Basic substances and acidic ionophores that increase the lysosomal pH in cultured macrophages (Ohkuma, S., and B. Poole, 1978, Proc. Natl. Acad. Sci. USA., 75:3327-3331; Poole, B., and S. Ohkuma, 1981, J. Cell Biol., 90:665-669) inhibited the digestion of heat-denatured acetylated bovine serum albumin (BSA) taken up by the cells. For several substances, the shift in pH sufficed to explain the inhibition of proteolysis. Additional effects, presumably on enzyme activities, have to be postulated for tributylamine, amantadine, and chloroquine. Sodium fluoride (10 mM) had no significant effect on the breakdown of BSA by macrophages. The breakdown of endogenous macrophage proteins, whether short lived or long lived, was inhibited approximately 40% by 10 mM NaF and 30%, or sometimes less in the case of long-lived proteins, by 100 microM chloroquine.

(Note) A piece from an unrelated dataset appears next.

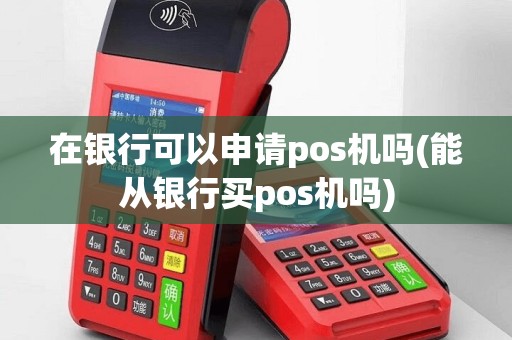 在银行可以申请pos机吗(能从银行买pos机吗)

When the cells were supplied with BSA, a mixture of cell proteins, or even inert endocytosible materials, the breakdown of endogenous long-lived proteins and the inhibitory effect of chloroquine on this process were selectively reduced. Inhibition of endocytosis by cytochalasins B or D did not affect the chloroquine-sensitive breakdown of endogenous proteins, indicating that the proteins degraded by this process were truly endogenous and not taken in from the outside by cellular cannibalism. On the other hand, when macrophage proteins were supplied extracellularly, their breakdown occurred at the same rate for short-lived and long-lived proteins, and it was strongly inhibited by chloroquine and not by NaF. It is concluded from these results that the breakdown of endogenous proteins, both short-lived and long-lived, probably takes place partly (approximately 30%) in lysosomes and partly through one or more nonlysosomal mechanism(s) unaffected by chloroquine and presumably susceptible to inhibition by fluoride. A difference must exist between short-lived and long-lived proteins in the manner in which they reach lysosomes or are handled by these organelles; this difference would account for the selective effect of the supply of endocytosible materials on the lysosomal processing of long-lived proteins.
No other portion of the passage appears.